The equally intuitive Kristin Hersh usually records solo – describing her previous acoustic album Wyatt at the Coyote Palace as “the sound of having no friends” – but she has opted to get social on Possible Dust Clouds which was recorded in scrappy style by collaring passing musicians and inviting them to “make some noise.” The results are duly grimy and grungey, from the fuzzy squall of Fox Point via the clattering momentum of Lethe to the punk waltz of Loudmouth. There’s a feral charge to proceedings, just don’t expect to make out any lyrics among the muffled guitar heroics, distorted vocals and lumbering, inexorable rhythm of No Shade In Shadow and its ilk.
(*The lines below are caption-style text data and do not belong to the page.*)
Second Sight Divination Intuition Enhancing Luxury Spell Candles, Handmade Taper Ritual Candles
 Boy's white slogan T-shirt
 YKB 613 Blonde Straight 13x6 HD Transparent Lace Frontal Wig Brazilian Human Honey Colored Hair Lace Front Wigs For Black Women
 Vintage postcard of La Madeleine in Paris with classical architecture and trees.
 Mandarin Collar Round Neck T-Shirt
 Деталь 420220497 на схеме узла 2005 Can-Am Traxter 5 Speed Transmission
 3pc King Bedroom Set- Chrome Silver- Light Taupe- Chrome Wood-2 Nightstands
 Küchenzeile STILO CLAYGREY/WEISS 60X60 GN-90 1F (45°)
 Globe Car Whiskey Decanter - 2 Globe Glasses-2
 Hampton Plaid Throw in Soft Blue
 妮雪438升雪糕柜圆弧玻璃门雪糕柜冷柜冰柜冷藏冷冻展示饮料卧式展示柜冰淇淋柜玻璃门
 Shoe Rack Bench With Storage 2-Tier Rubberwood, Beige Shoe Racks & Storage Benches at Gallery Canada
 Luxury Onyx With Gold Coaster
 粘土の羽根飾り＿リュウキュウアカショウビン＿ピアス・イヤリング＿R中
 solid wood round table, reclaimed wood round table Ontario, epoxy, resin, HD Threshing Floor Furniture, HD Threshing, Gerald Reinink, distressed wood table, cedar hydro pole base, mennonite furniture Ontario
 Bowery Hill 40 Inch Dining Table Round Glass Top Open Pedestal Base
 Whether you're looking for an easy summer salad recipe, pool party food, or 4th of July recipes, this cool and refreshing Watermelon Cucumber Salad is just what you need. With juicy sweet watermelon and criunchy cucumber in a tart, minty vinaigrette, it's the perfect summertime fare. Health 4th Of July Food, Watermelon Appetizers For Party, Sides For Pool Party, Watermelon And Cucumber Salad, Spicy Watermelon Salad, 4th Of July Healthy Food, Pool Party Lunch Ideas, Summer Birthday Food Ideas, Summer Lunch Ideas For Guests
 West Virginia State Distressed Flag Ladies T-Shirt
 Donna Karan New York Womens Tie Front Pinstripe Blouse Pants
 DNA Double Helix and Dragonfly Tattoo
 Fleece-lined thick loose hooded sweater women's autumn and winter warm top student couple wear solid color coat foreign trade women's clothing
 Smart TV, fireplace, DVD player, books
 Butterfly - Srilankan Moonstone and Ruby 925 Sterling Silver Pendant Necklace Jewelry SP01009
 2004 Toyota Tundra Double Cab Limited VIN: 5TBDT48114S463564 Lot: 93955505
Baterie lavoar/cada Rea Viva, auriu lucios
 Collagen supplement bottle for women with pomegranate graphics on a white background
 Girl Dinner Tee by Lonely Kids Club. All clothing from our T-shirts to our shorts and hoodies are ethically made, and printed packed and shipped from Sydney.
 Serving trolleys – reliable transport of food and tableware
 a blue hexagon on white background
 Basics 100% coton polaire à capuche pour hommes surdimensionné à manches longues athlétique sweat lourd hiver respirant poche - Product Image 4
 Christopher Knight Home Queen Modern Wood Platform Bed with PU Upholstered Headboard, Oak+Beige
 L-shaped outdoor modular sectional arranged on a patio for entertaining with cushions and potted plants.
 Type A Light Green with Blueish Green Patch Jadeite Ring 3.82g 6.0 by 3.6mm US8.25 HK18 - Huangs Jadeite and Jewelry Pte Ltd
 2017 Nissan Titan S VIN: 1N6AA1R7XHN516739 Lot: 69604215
Glasgow’s Carla J Easton is both fan and purveyor of girl group pop, celebrating the unsung female musicians of Scotland from the McKinley Sisters to Strawberry Switchblade in the documentary Since Yesterday and its complementary Edinburgh International Festival concert, as well as fronting her own band Teen Canteen. But her second solo album is her boldest pop broadcast yet, spanning the girl group spectrum from the romantic rallying cry of Dreamers on the Run and the quivering ballad Vagabond to the pulsing electro pop of Lights in the Dark and the stomping, uplifting Milk & Honey. - Fiona Shepherd

CLASSICAL

Handel: Ode for St Cecilia’s Day (Linn) *****

Hide Ad

Music that celebrates music; we have John Dryden to thank for the 17th century poem that honours music’s patron saint Cecilia, but it was Handel who turned these words, and their exquisite allusions to the powers of the marshal trumpet, complaining flute, frantic violins and scared organ, into the musical marvel that is his Ode for Saint Cecilia. Here is a performance that draws every ounce of emotive symbolism and sublime inference from Handel’s poetically refined score. It features John Butt’s excitingly precise Dunedin Consort, whose instrumentalists are idiomatically stylish to the last, and whose core singers are augmented by the homogeneously matching Polish Radio Choir. Ian Bostridge (tenor) and Carolyn Sampson (soprano) bring illustrative colour to the arias. This is yet another Baroque tour de force from Butt, who has a simple knack of turning highly informed intelligence and curiosity into performances fired by spontaneous combustion.

Ken Walton

FOLK

George Duff: The Collier Laddie (Own Label) ****

George Duff has been a weel-kent yet never recorded Scottish folk voice for four decades or more, so this late-in-the day debut album is welcome. A fine guitarist, he’s joined in these 16 songs by a squad of seasoned players, including Kevin Macleod of the Occasionals on guitars, bouzouki and mandolins, Tannahill Weavers fiddler John Martin and Battlefield Band’s Mike Katz on whistles and small pipes. Duff sings with rugged clarity, his background as a mining engineer deeply informing his choices and bringing a knowing edge to numbers such as The Eight-Hour Day and Brian McNeill’s powerful Prince of Darkness. Other songs include the mellow title track, the sweetly poignant Banks of the Bann and Burns favourites Green Grow the Rashes and Rattlin’ Roarin’ Willie. On the contemporary side is the condemnatory heartbreak of Alistair Hulett’s He Fades Away and an upbeat closer with Michael Marra’s When These Shoes Were New.